Erwerbsunfähig wegen psychischer Erkrankung: Gericht verschärft Bewertungsmaßstab

13.1.2026 – Das Landessozialgericht Baden-Württemberg entschied in einem aktuellen Urteil, dass bei der Beurteilung eines Anspruchs auf Erwerbsminderungsrente auch die gesamte Lebensführung eines gesetzlich Rentenversicherten berücksichtigt werden muss. Arbeitsrechtsexperten sehen den Tenor kritisch, da nun auch der private Lebensbericht des Betroffenen in die Bewertung einfließt.
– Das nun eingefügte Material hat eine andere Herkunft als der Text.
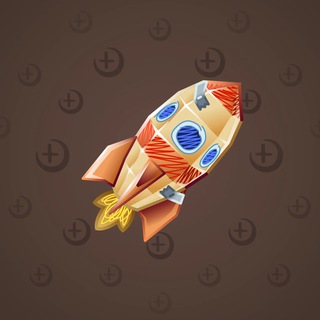 Stellar Rocket #133475
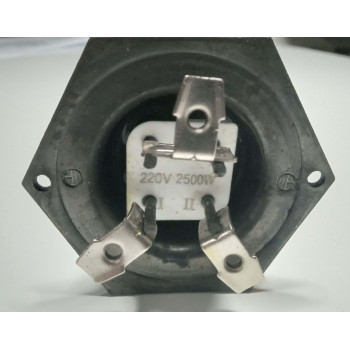 Нагрівальний елемент обігрівача масляного Grunhelm GR-1125N (149805)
Ein 1966 geborener Mann ohne abgeschlossene Berufsausbildung war zuletzt als Textilarbeiter tätig. Mit kurzen Unterbrechungen war er seit Juni 2001 arbeitslos und bezog Leistungen zur Sicherung des Lebensunterhalts nach dem SGB II – umgangssprachlich Hartz IV beziehungsweise Bürgergeld.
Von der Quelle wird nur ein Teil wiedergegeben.